* _WHAT IS BEING ASKED_:
Only the lines from the one containing "Tag Heuer Formula 1 Watch668 Pakistan" through the last line below should be written out, exactly and with both ends kept.

---- GIVEN ENTRIES

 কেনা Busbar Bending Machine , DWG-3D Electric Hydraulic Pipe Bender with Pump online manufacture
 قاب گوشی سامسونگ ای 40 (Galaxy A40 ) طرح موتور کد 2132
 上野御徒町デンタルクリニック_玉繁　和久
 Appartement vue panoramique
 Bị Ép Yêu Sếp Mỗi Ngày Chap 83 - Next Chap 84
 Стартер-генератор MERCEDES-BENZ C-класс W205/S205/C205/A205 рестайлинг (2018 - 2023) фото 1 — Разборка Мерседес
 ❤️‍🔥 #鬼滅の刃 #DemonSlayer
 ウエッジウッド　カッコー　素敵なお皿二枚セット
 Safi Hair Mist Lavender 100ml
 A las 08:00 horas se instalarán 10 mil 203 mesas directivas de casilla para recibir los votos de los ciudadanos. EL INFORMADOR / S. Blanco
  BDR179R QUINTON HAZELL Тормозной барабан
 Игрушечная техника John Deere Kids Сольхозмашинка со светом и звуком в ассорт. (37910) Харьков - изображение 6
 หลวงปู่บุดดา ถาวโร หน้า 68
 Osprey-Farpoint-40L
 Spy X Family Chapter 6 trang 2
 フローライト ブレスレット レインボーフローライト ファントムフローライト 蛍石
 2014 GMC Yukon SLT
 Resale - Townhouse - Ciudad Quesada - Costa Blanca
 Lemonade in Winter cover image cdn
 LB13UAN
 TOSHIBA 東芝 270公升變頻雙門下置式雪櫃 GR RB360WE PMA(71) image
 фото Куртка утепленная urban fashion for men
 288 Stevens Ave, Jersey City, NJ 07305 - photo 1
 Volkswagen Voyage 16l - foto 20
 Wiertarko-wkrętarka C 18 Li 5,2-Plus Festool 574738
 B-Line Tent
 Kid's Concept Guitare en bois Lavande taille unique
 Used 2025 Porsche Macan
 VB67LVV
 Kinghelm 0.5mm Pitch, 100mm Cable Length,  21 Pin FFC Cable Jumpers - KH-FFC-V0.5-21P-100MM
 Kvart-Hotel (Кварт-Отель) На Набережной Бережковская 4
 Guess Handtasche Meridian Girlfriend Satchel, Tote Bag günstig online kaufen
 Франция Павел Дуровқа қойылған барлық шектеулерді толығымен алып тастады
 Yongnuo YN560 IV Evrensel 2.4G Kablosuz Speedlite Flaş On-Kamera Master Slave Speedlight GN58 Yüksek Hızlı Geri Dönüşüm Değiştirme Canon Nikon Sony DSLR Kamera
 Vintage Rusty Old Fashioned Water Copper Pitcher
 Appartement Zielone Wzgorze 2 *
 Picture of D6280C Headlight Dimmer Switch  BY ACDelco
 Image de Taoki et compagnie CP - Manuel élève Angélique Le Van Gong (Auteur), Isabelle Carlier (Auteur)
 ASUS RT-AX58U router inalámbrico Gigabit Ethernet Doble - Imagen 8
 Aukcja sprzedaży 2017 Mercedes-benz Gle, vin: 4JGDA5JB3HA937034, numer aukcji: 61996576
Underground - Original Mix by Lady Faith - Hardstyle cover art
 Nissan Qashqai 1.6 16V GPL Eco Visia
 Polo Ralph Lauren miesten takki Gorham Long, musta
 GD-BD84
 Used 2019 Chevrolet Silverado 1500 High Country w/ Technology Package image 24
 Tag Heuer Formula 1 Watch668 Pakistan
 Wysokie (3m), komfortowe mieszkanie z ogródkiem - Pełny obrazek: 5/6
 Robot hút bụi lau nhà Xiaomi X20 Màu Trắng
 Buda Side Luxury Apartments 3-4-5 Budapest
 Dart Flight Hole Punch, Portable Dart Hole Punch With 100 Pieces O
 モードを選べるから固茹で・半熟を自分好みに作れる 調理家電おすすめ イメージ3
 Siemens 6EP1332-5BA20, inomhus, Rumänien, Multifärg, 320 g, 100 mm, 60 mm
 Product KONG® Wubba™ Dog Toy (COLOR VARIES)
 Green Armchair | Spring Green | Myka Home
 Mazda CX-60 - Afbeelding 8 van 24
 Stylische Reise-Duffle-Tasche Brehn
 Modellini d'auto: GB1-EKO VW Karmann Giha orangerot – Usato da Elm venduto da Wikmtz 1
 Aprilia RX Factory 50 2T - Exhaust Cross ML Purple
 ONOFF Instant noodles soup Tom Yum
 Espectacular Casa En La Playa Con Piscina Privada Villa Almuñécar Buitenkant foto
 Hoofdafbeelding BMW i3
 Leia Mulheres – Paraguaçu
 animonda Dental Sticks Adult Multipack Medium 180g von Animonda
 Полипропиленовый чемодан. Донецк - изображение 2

--------

* _SOLVED EXERCISE_:
 Tag Heuer Formula 1 Watch668 Pakistan
 Wysokie (3m), komfortowe mieszkanie z ogródkiem - Pełny obrazek: 5/6
 Robot hút bụi lau nhà Xiaomi X20 Màu Trắng
 Buda Side Luxury Apartments 3-4-5 Budapest
 Dart Flight Hole Punch, Portable Dart Hole Punch With 100 Pieces O
 モードを選べるから固茹で・半熟を自分好みに作れる 調理家電おすすめ イメージ3
 Siemens 6EP1332-5BA20, inomhus, Rumänien, Multifärg, 320 g, 100 mm, 60 mm
 Product KONG® Wubba™ Dog Toy (COLOR VARIES)
 Green Armchair | Spring Green | Myka Home
 Mazda CX-60 - Afbeelding 8 van 24
 Stylische Reise-Duffle-Tasche Brehn
 Modellini d'auto: GB1-EKO VW Karmann Giha orangerot – Usato da Elm venduto da Wikmtz 1
 Aprilia RX Factory 50 2T - Exhaust Cross ML Purple
 ONOFF Instant noodles soup Tom Yum
 Espectacular Casa En La Playa Con Piscina Privada Villa Almuñécar Buitenkant foto
 Hoofdafbeelding BMW i3
 Leia Mulheres – Paraguaçu
 animonda Dental Sticks Adult Multipack Medium 180g von Animonda
 Полипропиленовый чемодан. Донецк - изображение 2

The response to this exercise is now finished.